Sevr’le birlikte Türkün bileğine


vurulmuş kalın prangalar, Türkü yıldırmamıştı. O tarihten sonra işgal kuvvetleri aziz vatan
yurtluklarını cebren işgal edip; köylerini, kazalarını basıp, Türk yurtlarını tacizden asla geri
durmuyorlardı. 10 seneden beri cephelere asker yetiştirmiş Anadolu ocağı nüfussuz ve işgale
karşı koyacak güçten mahrum kalmıştı. Bütün bunlardan daha elim olan asıl şey iktidar
sahiplerinin akıl almaz bir gafletle beraber Anadolu’yu ve Trakya’yı, Türkün bin yıllık
yurdunu işgal mandalarına açmış olmasıydı.
-Acaba gerçekten de umut yok mu.
-..?
-Hacılar, hocalar çıktı ya. İşgal kuvvetlerine karşı direnmeyin. İngiliz mandasında
devletimiz hiç olmadığı kadar ihtişamı yakalayacak. İşte, acaba diyorum gerçekten de umut
yok mu?
Umutsuz durumlar yoktur, umutsuz insanlar vardır. Ben hiçbir daim umudumu yitirmedim..

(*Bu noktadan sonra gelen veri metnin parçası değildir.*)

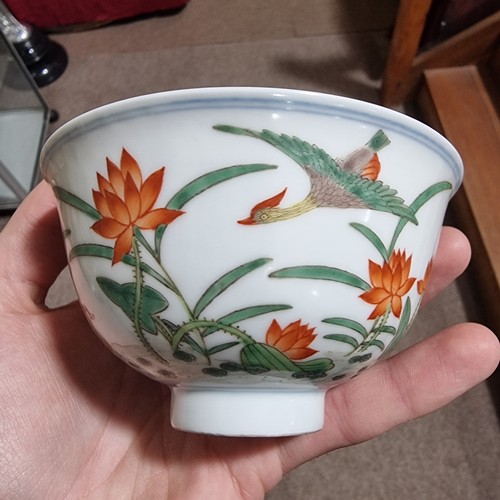 160 - A Chinese porcelain bowl with painted duck and lily flower designs, Qianlong seal mark under, diamet...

Milli mücadelemizin kalıplaşmış isimlerinden Ebedi Şefimiz Mustafa Kemal Atatürk’ün
dudaklarından dökülmüş binlerce anlamlı sözcükten yalnızca bazılarıydı bunlar. Peki onun
dayanağı neydi; O yalnızca Türk milletine güvenmişti. Bir avuç Türk yedi düvele topsuz,
tüfeksiz nasıl karşı koyar değil, muhakkak koyacaktır vizyonuyla ilerledi. Atatürk’ün asıl
mücadelesi 29 Ekim 1923’ten öncesinde değil, sonrasında başlar. Türkün göğsüne saplanmış
cehalet hançerine mücadeleyle başlar. Atatürk’ün cehalet felsefesine göre, bir kişinin cahil
olmaması için okumuş olması değil, hakikati görmesi tez alınır. Pek tabi okumuş, belli
mertebelere ulaşmış kişiler cehalet içinde bulunabilir. Burada Türk gencinin üzerine düşen,
Atatürk’ün yukarıdaki sözlerine binaen hareket etmektir. Acınası bir gafletle cumhuriyeti ve
hürriyeti günah ilan eden kalın zihniyeti, akıl ve bilimle, Türklük bilinciyle def etmektir. Evet,
özgürce yaşayacağız ama bizden sonraki nesillerin de özgürce yaşayabilmesi için temelleri
cumhuriyetle atılan çağdaş Türk Cumhuriyeti’ni ilelebet yaşatmaktan geçiyor. Bu yüzden
Atatürk’ü anlamak deriz. Atatürk’ü anlamak onu ilahlaştırarak değil aksine onun da bizim
gibi aciz biri olduğunu bilmekten geçiyor. Atatürk her şeyden önce düşünür ve öngörülü bir
insandı. O bitmiş bir milleti küllerinden tekrar yeşerttiyse bunu cehalete ve cumhuriyet
düşmanlarıyla sonuna kadar savaşarak başardı. O bir nesil yetiştirdi; çağdaş, okumuş, bilinçli.
Bugün Cumhuriyetimize ve Hürriyetimize erişimimizin yüzüncü yılına doğru bizlere düşen
asli görev, Cumhuriyetin ilk dönemlerinde cehalete karşı savaşmış gençlerden biraz olsun rez
alıp, cehle savaş açmak ve şanlı cumhuriyet tuğunu bizden sonraki nesillere taşımaktır. Kabul
edin veya etmeyin Atatürk bu milleti Türklük ülküsüyle tanıştırdı ve evet tekrar hep bir
ağızdan bağırarak söylüyoruz:
CUMHURİYET İLELEBET PAYİDAR KALACAKTIR !!!